:: About this exercise ::
Without any of its pictures, the listing below should be output exactly.

:: Dataset excerpt ::
==================================================

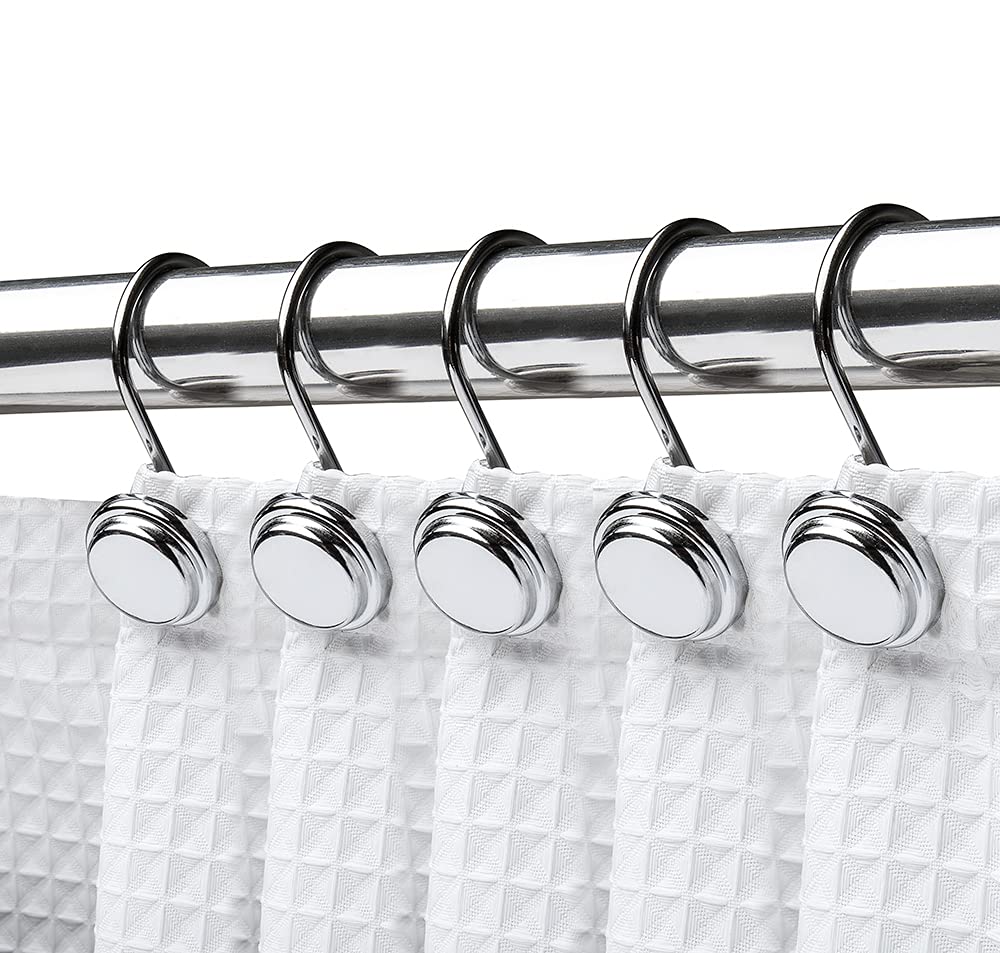 Utopia Alley Shower Rings Hooks, Shower Curtain Rings Hooks for Bathroom, Rust Resistant Shower Curtain Hooks Rings, Set of 12 (Chrome)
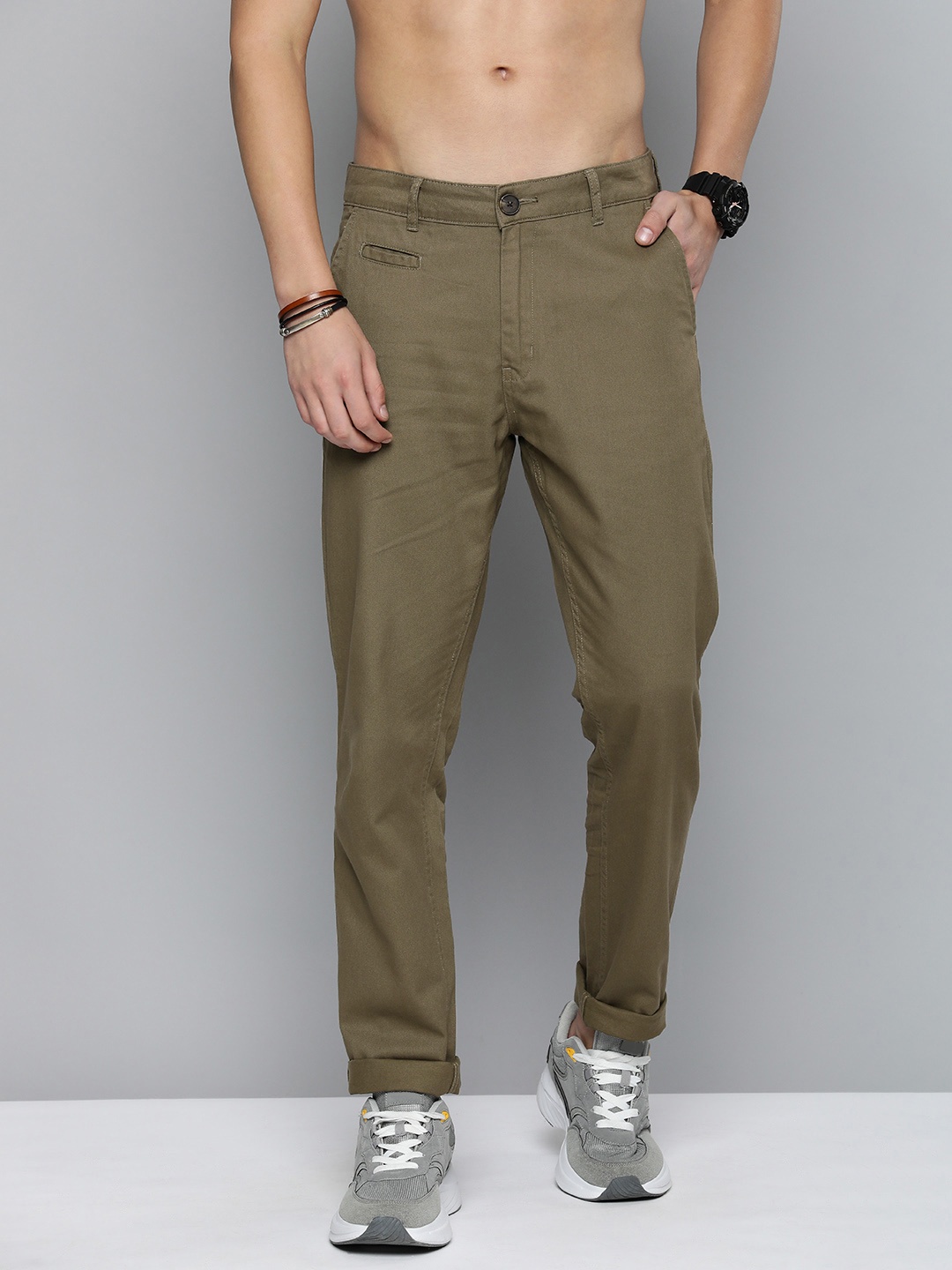 

R.Code by The Roadster Life Co. Men Regular Fit Pure Cotton Chinos Trousers, Olive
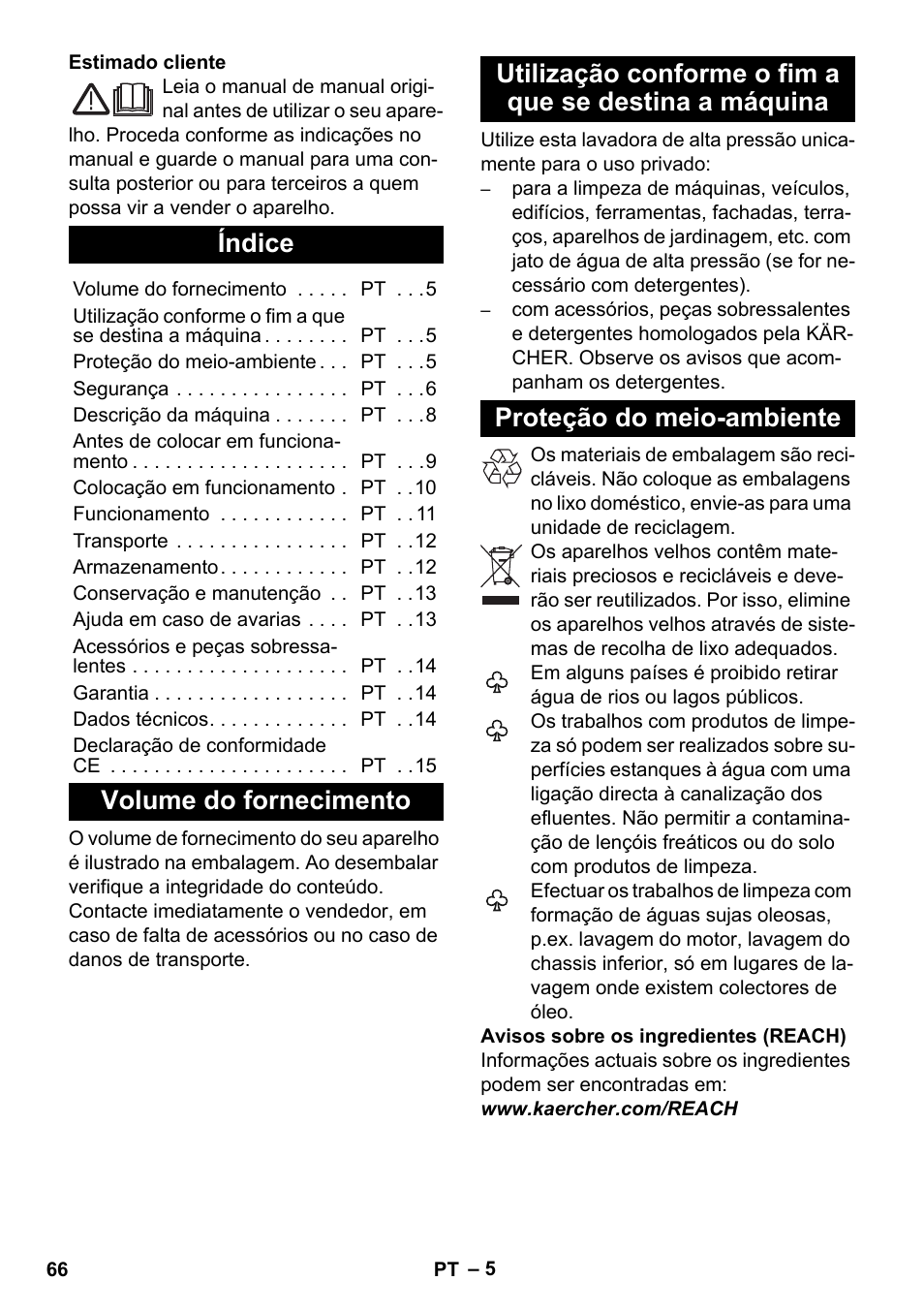 Português, Índice, Volume do fornecimento | Proteção do meio-ambiente | Karcher K 4 Classic User Manual | Page 66 / 286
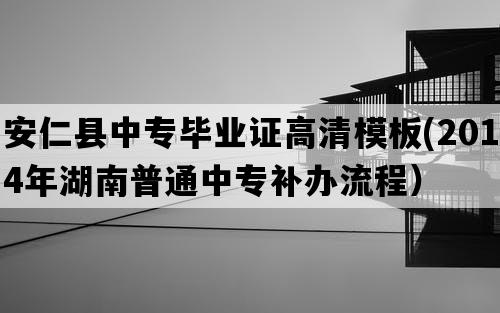 安仁县中专毕业证高清模板(2014年湖南普通中专补办流程）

==================================================

:: Exercise result ::
 Utopia Alley Shower Rings Hooks, Shower Curtain Rings Hooks for Bathroom, Rust Resistant Shower Curtain Hooks Rings, Set of 12 (Chrome)

R.Code by The Roadster Life Co. Men Regular Fit Pure Cotton Chinos Trousers, Olive
 Português, Índice, Volume do fornecimento | Proteção do meio-ambiente | Karcher K 4 Classic User Manual | Page 66 / 286
 安仁县中专毕业证高清模板(2014年湖南普通中专补办流程）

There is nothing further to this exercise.